Un coup toqué à la porte le tira de ses pensées, le faisant sursauter. Il termina de s'habiller, revêtant le pull qu'il ne quittait jamais, et attendit, espérant secrètement que la personne de l'autre côté du battant finirait par perdre patience et partir ou se rendrait compte que ce n'était pas la bonne chambre. Cependant, le bruit recommença et Salim dut se rendre à l'évidence ; l'individu qui tapait contre la porte voulait le voir. Il se demanda si sa vie s'arrêterait là, songeant à ces dieux modernes dont Hécate avait parlé, s'inquiétant de la violence dont l'ennemi devrait faire preuve pour le tuer maintenant qu'il n'était plus tout à fait un humain. Il ouvrit la porte avec angoisse et cligna plusieurs fois des paupières en constatant que le visage qui lui faisait face était celui qui le hantait depuis des mois. Sa main posée sur la poignée de la porte retomba le long de son corps, il déglutit en apercevant son reflet dans les lunettes noires du Djinn, sans savoir quoi dire ; il avait pourtant tant de fois rêvé leurs retrouvailles mais sans y croire vraiment. Le Djinn retira ses verres, révélant les feux qui enflammaient ses yeux, ravivant le brasier qui couvait dans le cœur de Salim.

Il ne s'embarrassa pas de paroles, il n'avait pas envie de réfléchir aux mots à employer, certain qu'il ne saurait pas rendre compte de la multitude d'émotions qui l'agitaient. Sa bouche trouva celle du Djinn sans hésitation – il n'était plus temps pour eux de se poser des questions et de balancer entre des décisions ridicules. Dès que leurs lèvres s'épousèrent, Salim fut envahi d'une flamme renouvelée, sentant à nouveau la chaleur du sable contre lui, le souffle rauque du Djinn, l'odeur si particulière du désert. Lorsque le Djinn brisa leur baiser, le jeune homme s'empourpra, croyant avoir été trop loin, mais son amant ne le repoussa pas, cherchant plutôt à entrer avec lui dans la chambre pour ne pas offrir de spectacle à tous les autres occupants de l'hôtel. Salim esquissa un sourire heureux en croisant le regard brûlant du Djinn, retrouvant en lui la partie manquante qui l'avait laissé si incomplet depuis son départ. Il perdit toutefois sa bonne humeur en se rappelant que leur dernière et unique rencontre s'était terminée si vite, sans se revoir, sans communiquer, sans rien d'autre qu'une absence pesante.

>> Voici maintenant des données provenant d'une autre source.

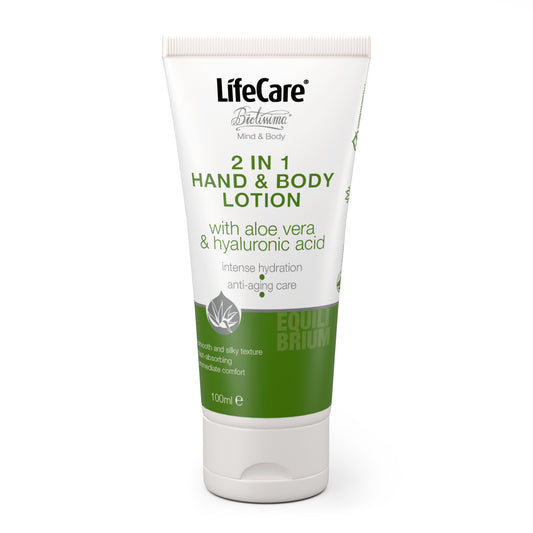 Loțiune 2 în 1 pentru mâini și corp, cu aloe vera BIO și acid hialuronic, EQUILIBRIUM 2048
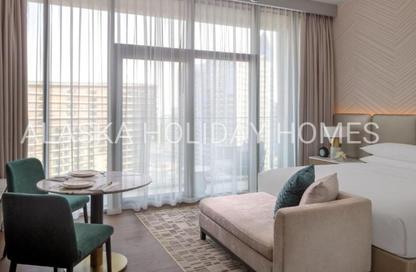 Hotel and Hotel Apartment - Studio - 1 Bathroom for rent in Intercontinental Residences Business Bay - Business Bay - Dubai Hotel and Hotel Apartment - Studio - 1 Bathroom for rent in Intercontinental Residences Business Bay - Business Bay - Dubai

« Je ne repartirai pas sans toi, annonça le Djinn comme s'il avait lu dans ses pensées.

— Et cette guerre ? s'enquit Salim avec timidité. Tu es ... tu es un ancien.

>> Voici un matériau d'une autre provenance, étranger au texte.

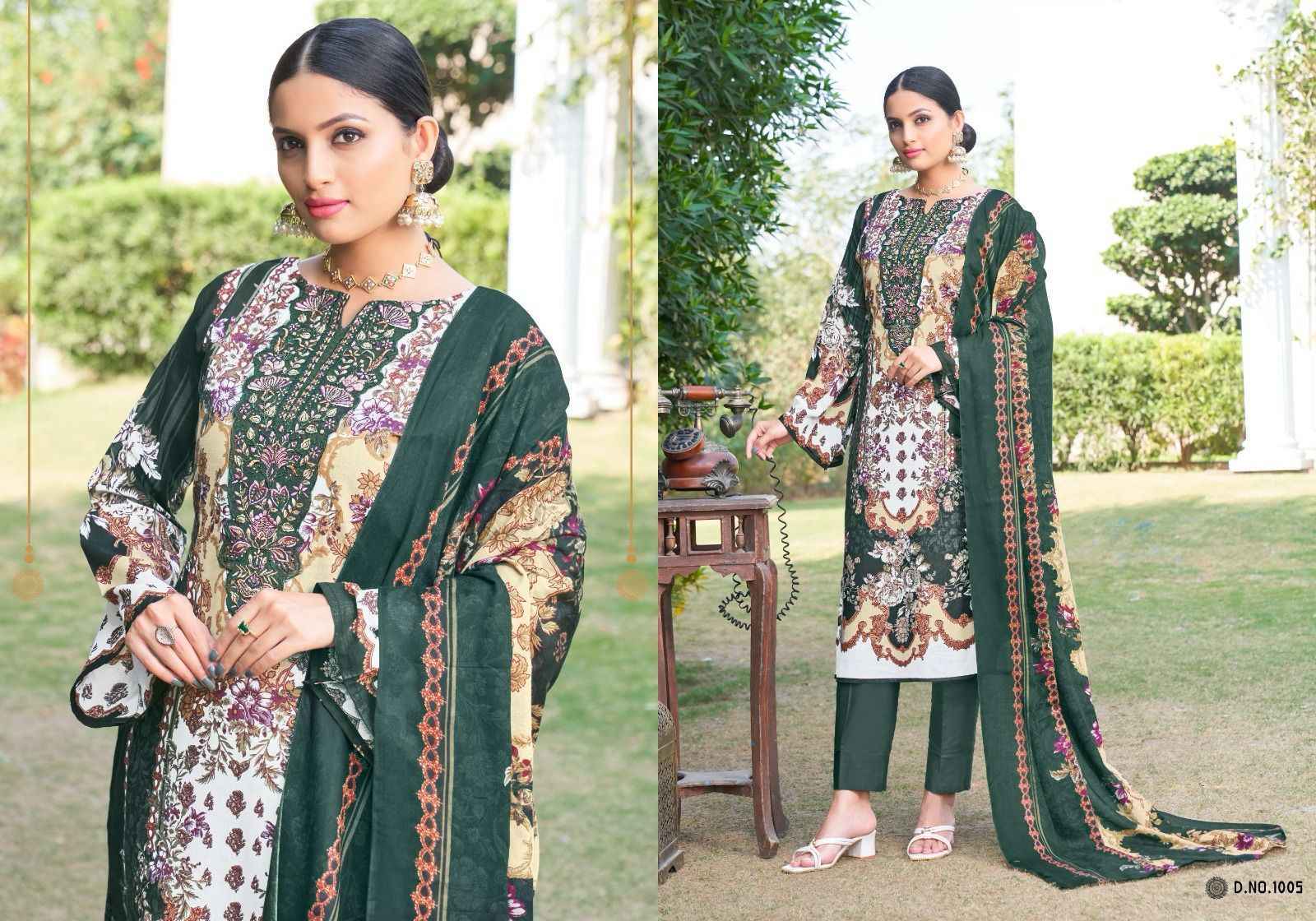 Chaan Taari Naira Pakistani Print Pure Cotton Dress Material 10 pcs Catalogue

— Ce combat ne me concerne pas, je ne veux pas y participer. Je n'exauce pas les vœux, pas ceux des autres. Mais les miens m'appartiennent. »

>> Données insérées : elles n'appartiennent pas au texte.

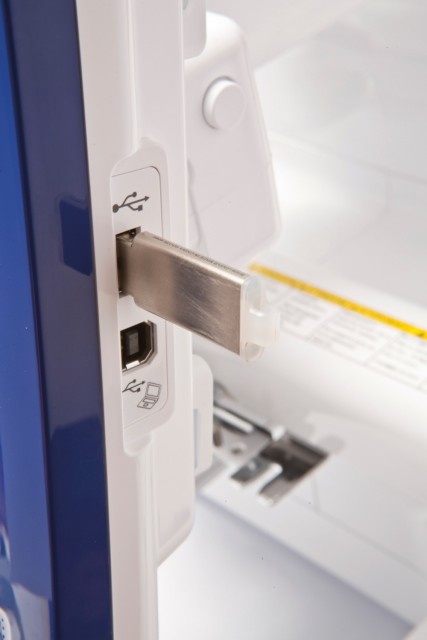 USB inngang.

Et tu es l'un d'eux. Le Djinn ne l'avait pas dit mais Salim le perçut comme s'il l'avait prononcé. Il vint chercher un nouveau baiser sur ses lèvres ardentes, sentant l'importance de cette déclaration. Cette fois, leur aventure ne durerait pas le temps d'une nuit, ils avaient l'éternité devant eux, autant pour survivre à cette guerre qui se profilait que pour s'aimer sans peur de l'avenir. Quand il recula, le jeune homme sentit la chaleur dans son propre corps, comme si le feu du Djinn avait enfin pris racine en lui, le changeant en l'un d'eux. D'une étincelle, il deviendrait flamme et incendierait le monde ; il espérait seulement qu'il ne se trompait pas.


Note : Je n'abandonne pas Salim et le Djinn, je compte écrire encore dessus.